Griffin didn't leave her side and was patient with her slow walk. They were escorted to a field. After a few minutes, a chopper touched down close to them.

Kit moved faster, but she tripped over a divot in the grass. Before she could face-plant, Griffin grabbed her arm, keeping her upright.

“Careful. No more injuries,” he said.

She had been trying to be careful. “Thank you.”

Griffin supported her on the side of her injured foot, and they walked the rest of the way to the chopper.

They climbed inside. The chopper was similar to the one that had taken her to the secret military facility where she had lived for a year. For that trip, she had been blindfolded. It had been terrifying and exciting.

If she had known what that year would be like, if she had known what her work would entail and what it would mean to have a successful project, would she have done it? She had been naive and filled with self-importance. She'd thought her work would revolutionize cybersecurity. She'd believed her research would lead to malicious hackers and black hats being exposed.

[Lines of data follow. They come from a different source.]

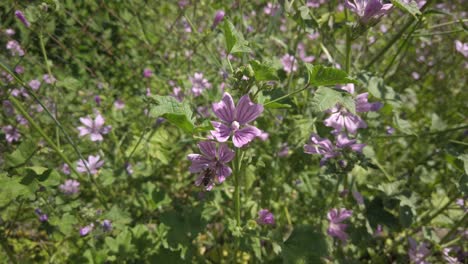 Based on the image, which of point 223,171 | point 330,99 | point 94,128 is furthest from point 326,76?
point 94,128

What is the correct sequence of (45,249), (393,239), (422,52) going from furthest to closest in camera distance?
1. (422,52)
2. (393,239)
3. (45,249)

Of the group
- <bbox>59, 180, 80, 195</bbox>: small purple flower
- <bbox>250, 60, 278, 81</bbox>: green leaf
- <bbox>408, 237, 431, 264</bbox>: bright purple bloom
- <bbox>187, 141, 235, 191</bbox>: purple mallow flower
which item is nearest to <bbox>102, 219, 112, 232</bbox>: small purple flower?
<bbox>59, 180, 80, 195</bbox>: small purple flower

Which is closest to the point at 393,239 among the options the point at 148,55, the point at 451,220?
the point at 451,220

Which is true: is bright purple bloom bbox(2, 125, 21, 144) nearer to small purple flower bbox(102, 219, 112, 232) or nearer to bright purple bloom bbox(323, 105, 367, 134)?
small purple flower bbox(102, 219, 112, 232)

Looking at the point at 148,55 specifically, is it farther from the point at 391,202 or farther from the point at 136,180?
the point at 391,202

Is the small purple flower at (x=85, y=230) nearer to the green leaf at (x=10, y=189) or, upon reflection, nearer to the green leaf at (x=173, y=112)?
the green leaf at (x=10, y=189)

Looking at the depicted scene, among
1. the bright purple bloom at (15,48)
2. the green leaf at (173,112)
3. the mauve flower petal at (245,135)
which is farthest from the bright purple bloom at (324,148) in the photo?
the bright purple bloom at (15,48)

The government hadn't been interested in her work being applied to any systems other than their own. They didn't care if anyone else was victimized as long as their computer systems were safe. By the time she had realized that, the project was almost complete. She had been used and cast aside, and nondisclosures and noncompete clauses prevented her from using her algorithms in other applications. Thinking of it still burned.

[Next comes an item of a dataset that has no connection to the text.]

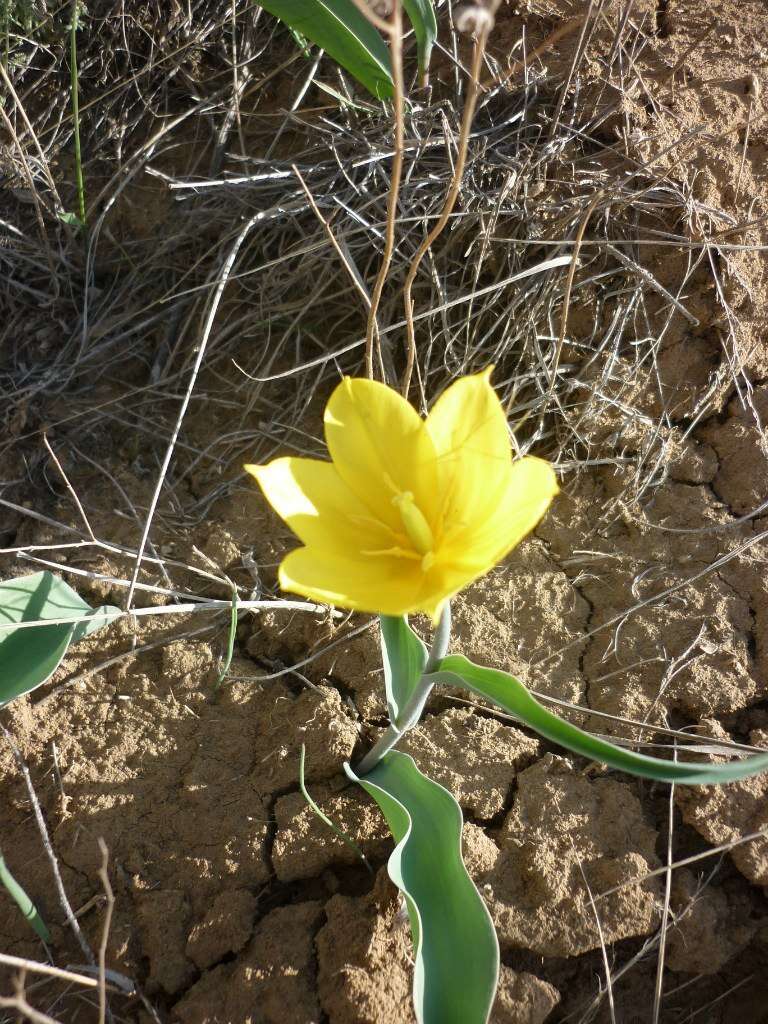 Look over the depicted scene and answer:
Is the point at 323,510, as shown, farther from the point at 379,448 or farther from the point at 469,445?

Griffin touched her shoulder, and heat zipped over her. He mouthed a question: “Are you okay?”

She nodded. It was too loud to talk over the spinning rotors, and Kit was glad. She didn't want to tell him she had been used then, she was being used now and in all likelihood, so was he.

* * *

Kit was driving him mad. The moment they landed, he would hand her over to the protection specialist assigned to the case and put distance between them. Connor would have had enough time to get a resource in place. Griffin was the wrong man for the job.

Griffin's entire body heated as he realized he was attracted to Kit Walker. She was part girl next door who had no idea how appealing she was and part smart professor who had a room full of male students fantasizing about sleeping with her. He was interested in her, and that awareness switched his desire on high. He wouldn't act like a sex-starved lunatic; he was a professional. But it was getting harder to keep those boundaries clear in his thoughts.

From what he'd read about her and what he had witnessed, she had a touch of social awkwardness, yet he didn't feel uncomfortable around her. He guessed she had spent so much time in her sister's shadow and then as a supergenius online, she didn't interact as naturally with people face-to-face. But when he engaged her in a topic she enjoyed, that clumsiness melted away and she was magnetic.